The answer is found in the phrase “blind guides.” They cannot see their own presuppositions but instead believe they are simply pursuing justice. The painful truth is that they have no new solutions. Theirs is a thinly disguised attack on Christianity and its teaching about God, sin, redemption, Christ, and the moral law.
But here is where their own standard comes back to judge them. Their way of identifying discrimination is by looking at outcomes regardless of other factors. They divide humans into groups and then look to see if each group is having the same economic outcomes. Now apply this to professing Evangelical Christians at ASU. The number of professors at ASU who identify as Evangelical Christians is far below the number of Evangelicals in our community. ASU does not reflect its community. By their standard, this means that ASU is discriminating against Evangelical Christians.
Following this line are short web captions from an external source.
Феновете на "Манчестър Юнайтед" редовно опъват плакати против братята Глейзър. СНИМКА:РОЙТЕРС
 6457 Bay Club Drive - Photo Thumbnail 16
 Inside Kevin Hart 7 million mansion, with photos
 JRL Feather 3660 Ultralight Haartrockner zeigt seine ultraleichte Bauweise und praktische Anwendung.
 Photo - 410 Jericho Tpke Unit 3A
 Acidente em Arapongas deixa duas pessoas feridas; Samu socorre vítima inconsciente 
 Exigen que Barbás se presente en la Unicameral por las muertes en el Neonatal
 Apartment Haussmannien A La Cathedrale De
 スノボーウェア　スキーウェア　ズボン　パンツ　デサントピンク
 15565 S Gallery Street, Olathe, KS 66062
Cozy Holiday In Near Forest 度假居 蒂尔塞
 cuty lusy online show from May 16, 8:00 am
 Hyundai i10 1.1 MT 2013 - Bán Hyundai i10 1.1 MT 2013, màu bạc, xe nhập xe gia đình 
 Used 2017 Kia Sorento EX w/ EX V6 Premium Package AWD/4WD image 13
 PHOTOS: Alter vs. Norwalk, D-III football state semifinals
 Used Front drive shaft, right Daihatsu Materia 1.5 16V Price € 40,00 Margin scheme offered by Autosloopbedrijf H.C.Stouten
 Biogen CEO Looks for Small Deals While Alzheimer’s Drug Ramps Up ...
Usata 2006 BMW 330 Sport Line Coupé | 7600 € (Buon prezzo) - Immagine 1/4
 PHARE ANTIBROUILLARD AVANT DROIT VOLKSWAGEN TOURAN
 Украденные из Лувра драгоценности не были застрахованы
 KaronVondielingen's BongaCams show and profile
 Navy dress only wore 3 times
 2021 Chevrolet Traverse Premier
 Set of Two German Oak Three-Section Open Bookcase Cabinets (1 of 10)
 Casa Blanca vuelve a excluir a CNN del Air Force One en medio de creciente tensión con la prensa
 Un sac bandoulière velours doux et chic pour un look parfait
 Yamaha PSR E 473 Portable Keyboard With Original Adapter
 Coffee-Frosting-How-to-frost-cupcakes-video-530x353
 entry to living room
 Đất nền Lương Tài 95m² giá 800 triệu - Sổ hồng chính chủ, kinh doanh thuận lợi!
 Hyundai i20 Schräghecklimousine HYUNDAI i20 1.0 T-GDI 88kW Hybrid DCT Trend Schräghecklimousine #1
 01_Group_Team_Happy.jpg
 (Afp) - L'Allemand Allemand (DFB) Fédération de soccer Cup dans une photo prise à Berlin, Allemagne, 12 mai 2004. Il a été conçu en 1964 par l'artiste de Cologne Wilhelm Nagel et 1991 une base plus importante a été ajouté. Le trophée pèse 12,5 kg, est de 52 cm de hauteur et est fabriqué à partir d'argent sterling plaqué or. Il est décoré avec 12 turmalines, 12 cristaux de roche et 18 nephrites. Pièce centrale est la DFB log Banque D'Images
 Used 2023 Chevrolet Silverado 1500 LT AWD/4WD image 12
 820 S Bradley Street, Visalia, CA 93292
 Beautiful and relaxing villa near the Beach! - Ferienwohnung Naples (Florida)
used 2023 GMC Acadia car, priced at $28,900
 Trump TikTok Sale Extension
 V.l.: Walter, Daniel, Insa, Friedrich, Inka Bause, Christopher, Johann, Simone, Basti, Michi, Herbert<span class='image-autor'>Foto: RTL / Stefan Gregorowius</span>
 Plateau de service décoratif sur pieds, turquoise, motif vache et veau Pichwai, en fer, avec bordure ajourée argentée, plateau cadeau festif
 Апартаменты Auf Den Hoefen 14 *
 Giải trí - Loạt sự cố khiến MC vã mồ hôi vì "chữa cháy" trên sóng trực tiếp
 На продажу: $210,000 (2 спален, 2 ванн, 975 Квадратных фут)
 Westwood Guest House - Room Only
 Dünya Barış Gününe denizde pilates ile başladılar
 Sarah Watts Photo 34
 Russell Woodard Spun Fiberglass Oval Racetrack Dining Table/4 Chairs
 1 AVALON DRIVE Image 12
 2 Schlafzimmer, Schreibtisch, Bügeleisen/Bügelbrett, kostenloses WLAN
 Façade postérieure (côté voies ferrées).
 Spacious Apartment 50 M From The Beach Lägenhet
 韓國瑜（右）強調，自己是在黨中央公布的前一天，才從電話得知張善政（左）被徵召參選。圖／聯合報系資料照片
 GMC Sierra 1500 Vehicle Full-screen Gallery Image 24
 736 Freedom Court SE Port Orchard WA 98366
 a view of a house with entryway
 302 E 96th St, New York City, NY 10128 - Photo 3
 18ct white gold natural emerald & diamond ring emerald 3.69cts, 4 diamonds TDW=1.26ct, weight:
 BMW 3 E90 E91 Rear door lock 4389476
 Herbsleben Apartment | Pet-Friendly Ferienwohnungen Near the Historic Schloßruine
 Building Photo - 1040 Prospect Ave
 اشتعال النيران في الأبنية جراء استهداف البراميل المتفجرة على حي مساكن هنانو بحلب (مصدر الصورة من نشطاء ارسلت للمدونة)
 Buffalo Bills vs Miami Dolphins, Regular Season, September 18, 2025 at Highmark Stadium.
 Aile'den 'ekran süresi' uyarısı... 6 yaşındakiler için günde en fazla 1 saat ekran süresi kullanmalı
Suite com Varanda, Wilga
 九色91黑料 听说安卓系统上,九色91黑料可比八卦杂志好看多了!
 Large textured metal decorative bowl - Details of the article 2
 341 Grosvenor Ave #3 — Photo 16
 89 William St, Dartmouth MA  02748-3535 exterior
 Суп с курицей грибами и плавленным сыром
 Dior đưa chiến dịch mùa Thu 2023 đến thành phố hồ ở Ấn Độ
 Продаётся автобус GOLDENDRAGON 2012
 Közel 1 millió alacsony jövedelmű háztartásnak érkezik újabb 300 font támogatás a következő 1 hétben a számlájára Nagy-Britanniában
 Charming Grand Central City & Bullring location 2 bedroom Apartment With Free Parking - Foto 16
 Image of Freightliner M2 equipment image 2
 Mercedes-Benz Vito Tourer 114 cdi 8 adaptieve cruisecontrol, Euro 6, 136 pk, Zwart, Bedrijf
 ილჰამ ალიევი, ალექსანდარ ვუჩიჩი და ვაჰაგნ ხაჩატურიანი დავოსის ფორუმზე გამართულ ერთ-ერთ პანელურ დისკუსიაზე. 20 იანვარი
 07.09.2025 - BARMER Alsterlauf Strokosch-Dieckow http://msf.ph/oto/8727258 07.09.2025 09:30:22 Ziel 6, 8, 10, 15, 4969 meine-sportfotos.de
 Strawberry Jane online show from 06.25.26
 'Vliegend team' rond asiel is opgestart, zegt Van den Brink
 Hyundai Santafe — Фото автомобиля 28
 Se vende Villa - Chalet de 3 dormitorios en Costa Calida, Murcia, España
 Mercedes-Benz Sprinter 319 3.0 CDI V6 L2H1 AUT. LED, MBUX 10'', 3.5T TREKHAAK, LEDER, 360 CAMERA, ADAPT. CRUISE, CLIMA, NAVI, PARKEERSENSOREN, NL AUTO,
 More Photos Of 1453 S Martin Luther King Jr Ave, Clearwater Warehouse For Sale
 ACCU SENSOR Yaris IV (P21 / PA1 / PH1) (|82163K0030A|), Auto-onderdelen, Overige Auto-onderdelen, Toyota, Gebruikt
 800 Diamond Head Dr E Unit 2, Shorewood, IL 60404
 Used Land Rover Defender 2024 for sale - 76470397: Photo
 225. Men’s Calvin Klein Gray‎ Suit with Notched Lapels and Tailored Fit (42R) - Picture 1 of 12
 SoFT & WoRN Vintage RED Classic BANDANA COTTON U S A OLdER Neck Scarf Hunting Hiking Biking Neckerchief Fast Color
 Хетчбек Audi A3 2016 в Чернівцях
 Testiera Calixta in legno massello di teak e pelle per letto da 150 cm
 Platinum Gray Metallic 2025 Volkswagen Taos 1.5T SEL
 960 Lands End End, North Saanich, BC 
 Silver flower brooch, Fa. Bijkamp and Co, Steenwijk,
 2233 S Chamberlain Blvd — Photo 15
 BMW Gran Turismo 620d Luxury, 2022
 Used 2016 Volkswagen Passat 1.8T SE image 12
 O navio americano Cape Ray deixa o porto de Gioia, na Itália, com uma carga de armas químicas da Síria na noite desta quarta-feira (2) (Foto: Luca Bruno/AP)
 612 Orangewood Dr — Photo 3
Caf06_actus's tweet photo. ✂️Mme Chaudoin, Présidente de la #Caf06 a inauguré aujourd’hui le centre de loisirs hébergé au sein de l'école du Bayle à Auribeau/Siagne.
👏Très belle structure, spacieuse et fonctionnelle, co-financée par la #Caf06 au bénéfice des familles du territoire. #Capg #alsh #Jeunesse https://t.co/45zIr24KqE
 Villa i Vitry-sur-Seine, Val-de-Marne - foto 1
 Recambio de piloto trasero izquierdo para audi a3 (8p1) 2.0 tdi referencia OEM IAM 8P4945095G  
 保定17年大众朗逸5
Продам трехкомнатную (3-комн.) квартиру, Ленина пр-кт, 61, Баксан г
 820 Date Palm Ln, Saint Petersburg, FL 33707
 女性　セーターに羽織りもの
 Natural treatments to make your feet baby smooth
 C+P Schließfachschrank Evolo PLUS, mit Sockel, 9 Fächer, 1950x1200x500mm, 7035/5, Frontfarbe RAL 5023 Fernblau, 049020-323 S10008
In the image below, you see the claim that everyone has bias. That means that the secular professors pushing this agenda have a bias. Intersectionality is itself a bias. Academic freedom and freedom of conscience require us to question the assumptions of this harmful philosophy. It divides people into groups and teaches them to hate each other. It claims to point out injustices, but it stops but economics and cannot solve our deepest spiritual problems.
Do not be led astray but this philosophy. It appears as a wolf in sheep's clothing. Promising help, it only brings hatred and despair. Reconciliation with God, and between humans, is possible only through Christ.